After two days on the warfront in Afghanistan, Defense Secretary Robert Gates was turning his attention Thursday to countries where the U.S. is looking to avoid full-blown conflict — Iran and Yemen.

During a meeting with Abu Dhabi Crown Prince Mohammed bin Zayed Al Nahyan, Gates was expected to discuss ongoing regional security worries about Iran, the terror threat in Yemen and the UAE's continuing interest in developing a more sophisticated missile defense system.

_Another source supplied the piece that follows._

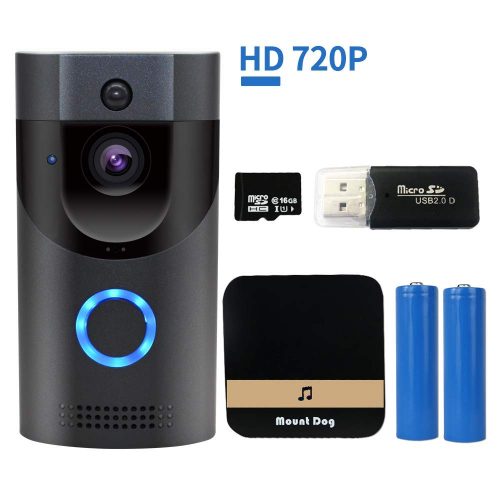 WiFi Smart Video Doorbell Camera Door Bell 720P HD Wireless Home Security Doorbell Camera with 16GB Storage Card 2 Rechargeable Battery for iOS Android Google (B30-720P)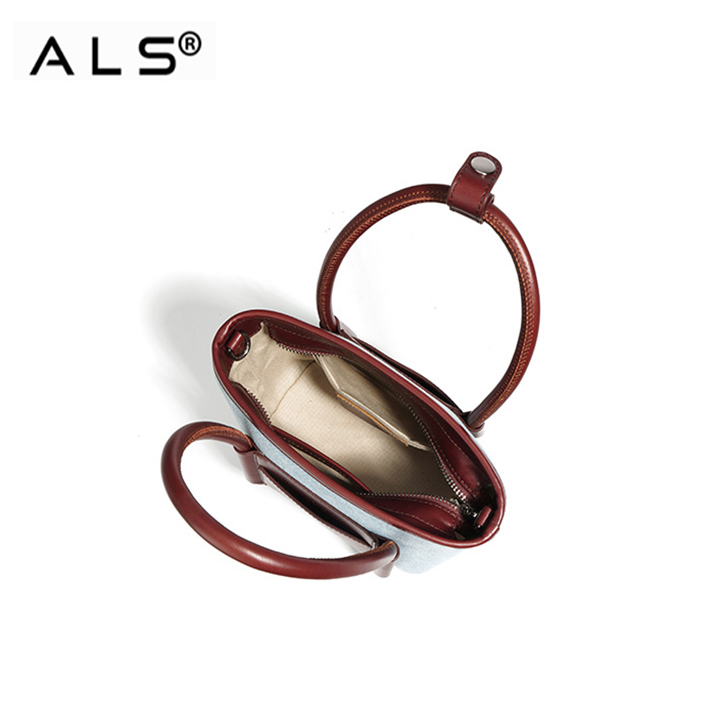 Chic Denim and Leather Bucket Handbag with Detachable Strap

The simmering worries about Iran's nuclear ambitions and al-Qaida-linked terrorists plotting attacks against the West in Yemen were reflected in Gates' remarks at the U.S. embassy in Kabul earlier Thursday. He told a gathering of embassy workers that the U.S. must be willing to do more financially, diplomatically and economically for countries that have problems before they erupt and trigger military action.

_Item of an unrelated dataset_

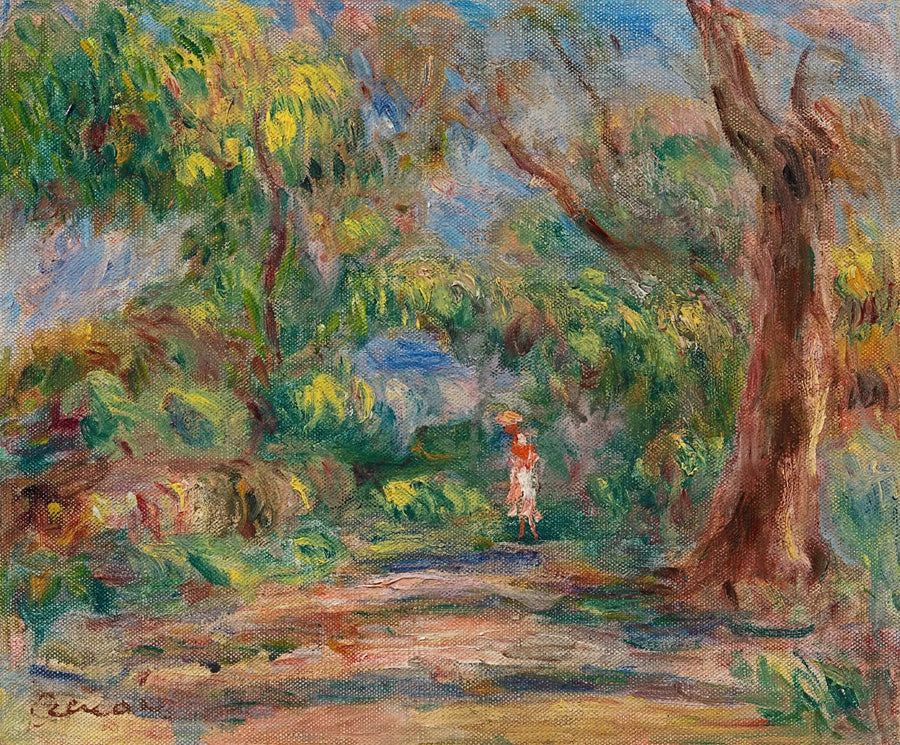Landskap, gårdsvei med kvinne i rødt og hvitt - Pierre-Auguste Renoir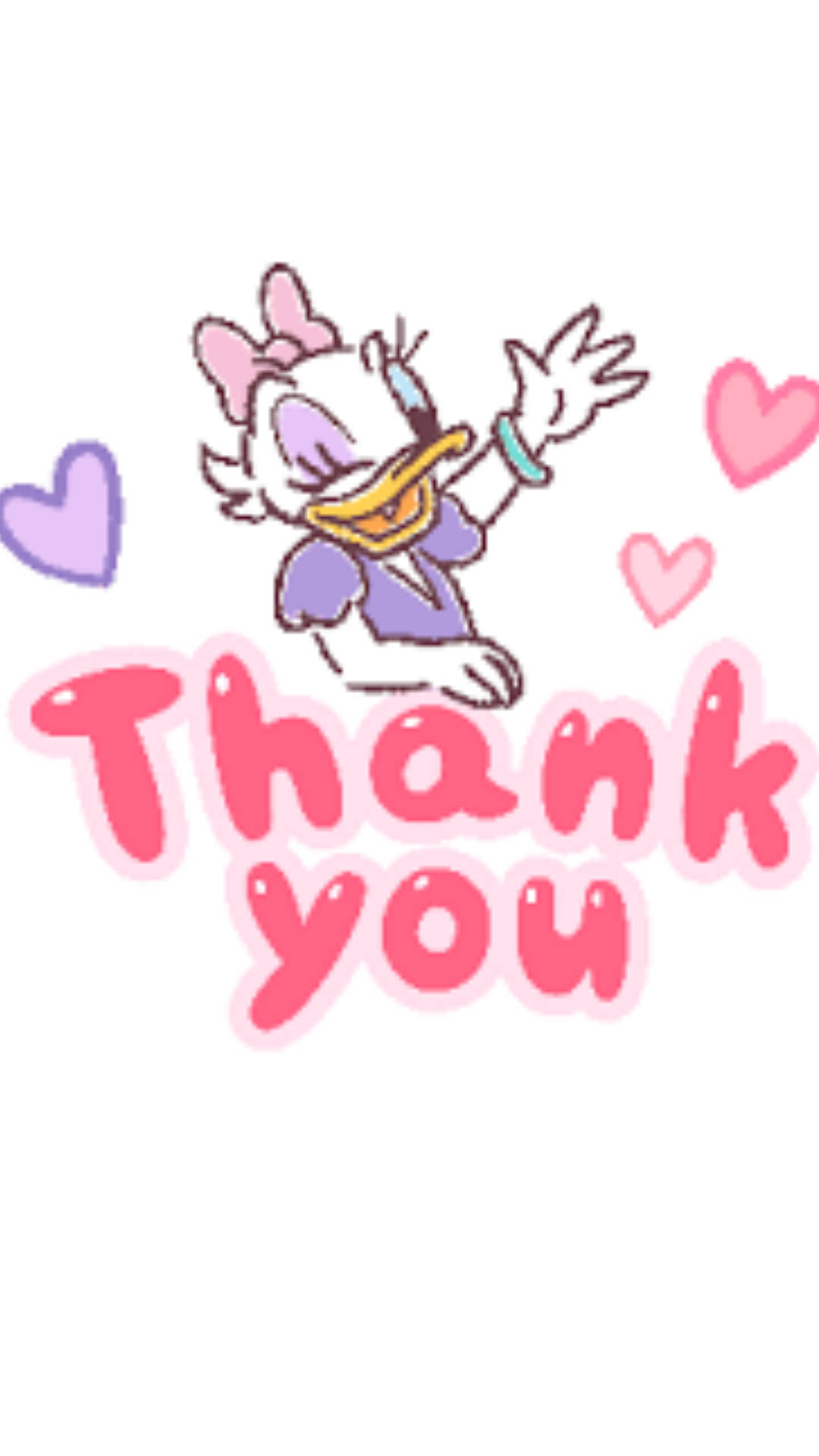 黛絲鴨揮手，心形圍繞著粉紅色的感謝訊息。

"It is, frankly a characteristic of democracies that preventive action — when action would be relatively cheap and relatively painless — is pretty rare," said Gates. "We seem to have to wait until we've got a crisis on our hands before we can do anything."

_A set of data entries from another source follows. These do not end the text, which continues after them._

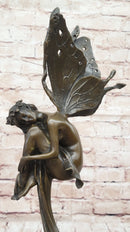 Sleeping Winged Fairy Angel Nymph Bronze Sculpture 15.5" x 6"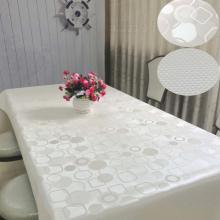 hot sale wedding banquet white embossing pu tablecloth
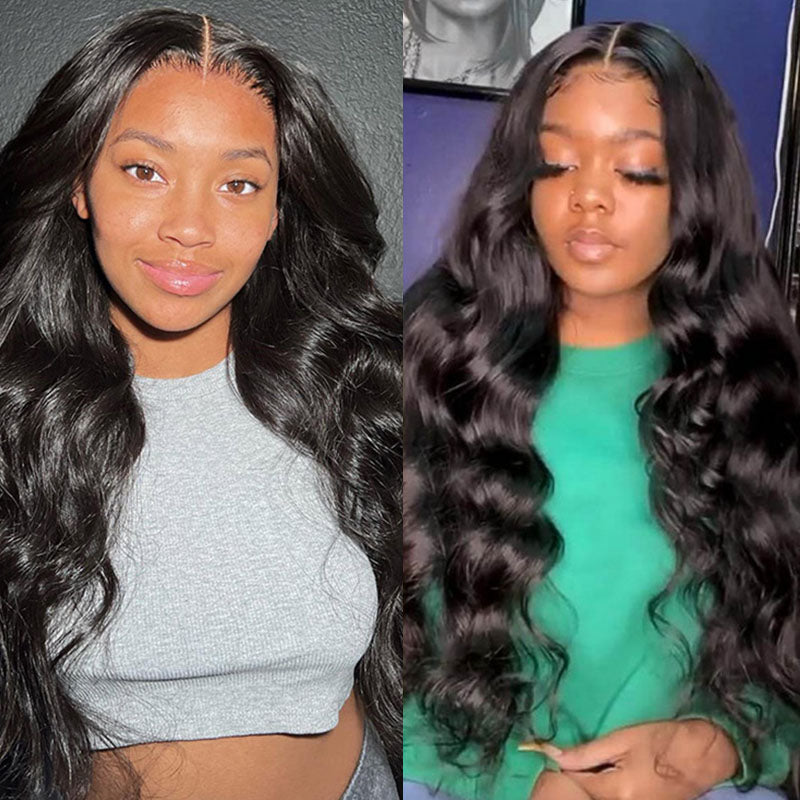Wesface Body Wave 5x5 Lace Closure Wig Natural Black Human Hair Wig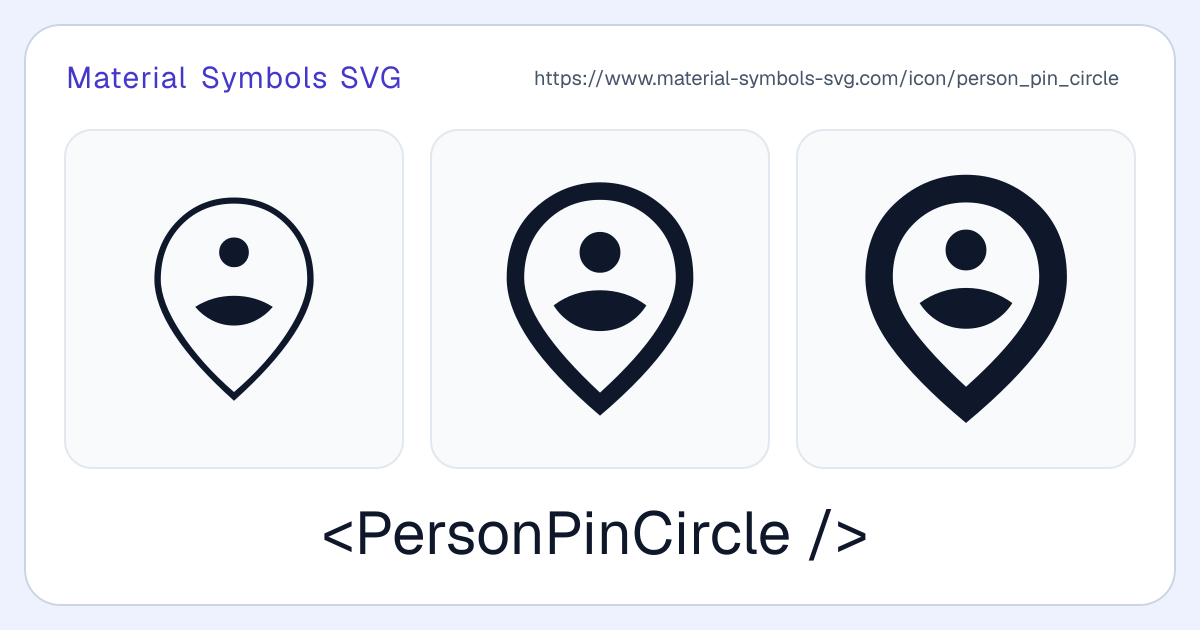 Person Pin Circle Icon - Material Symbols SVG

Officials have pushed to provide training, equipment and other assistance to countries like Yemen and Somalia, to better enable the governments there to confront the terror threats within their borders.

Gates said it's hard to convince Capitol Hill and the public that making a preventive effort is worth it, in hopes of avoiding the much costlier expense of sending in tens of thousands of troops.

Gates' visit to Abu Dhabi — the fourth in his Pentagon tenure — comes on the heels of the summit of six U.S.-allied Gulf Arab nations here, where leaders urged a peaceful end to the ongoing dispute over Iran's nuclear program. And they sought a greater voice in the talks with Iran.

Also this week, Iran and six world powers, including the U.S., concluded talks in Geneva with an agreement to reconvene early next year in Istanbul. Officials indicated that Tehran made no commitments to talking about U.N. Security Council demands that Iran freeze uranium enrichment, which can have civilian and military uses.